↓↓↓
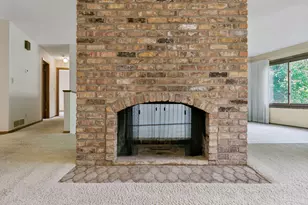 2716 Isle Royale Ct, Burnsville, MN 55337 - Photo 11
↑↑↑
↓↓↓
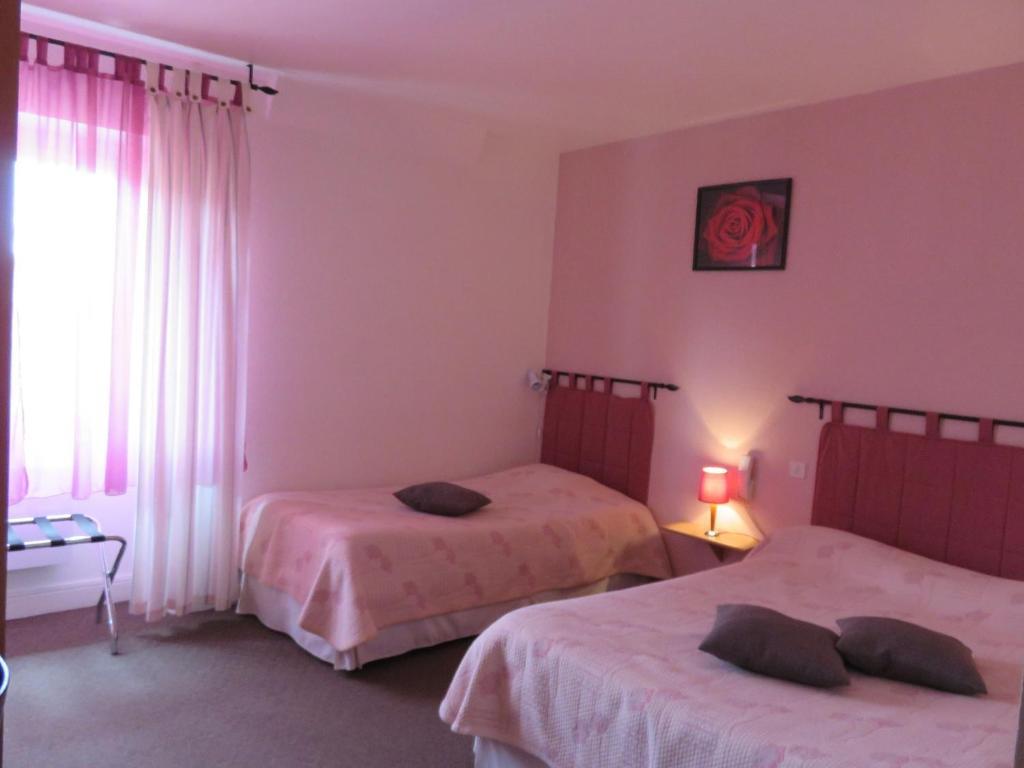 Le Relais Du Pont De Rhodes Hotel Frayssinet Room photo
↑↑↑
↓↓↓
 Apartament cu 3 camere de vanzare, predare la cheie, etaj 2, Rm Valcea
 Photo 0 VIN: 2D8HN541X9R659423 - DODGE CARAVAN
↑↑↑
EXERCISE BRIEF: Starting at the line above that contains "Apartament cu 3", write out each line exactly until the line that contains "Photo 0 VIN: 2D8HN541X9R659423" has been written, and stop there.

RESPONSE:
 Apartament cu 3 camere de vanzare, predare la cheie, etaj 2, Rm Valcea
 Photo 0 VIN: 2D8HN541X9R659423 - DODGE CARAVAN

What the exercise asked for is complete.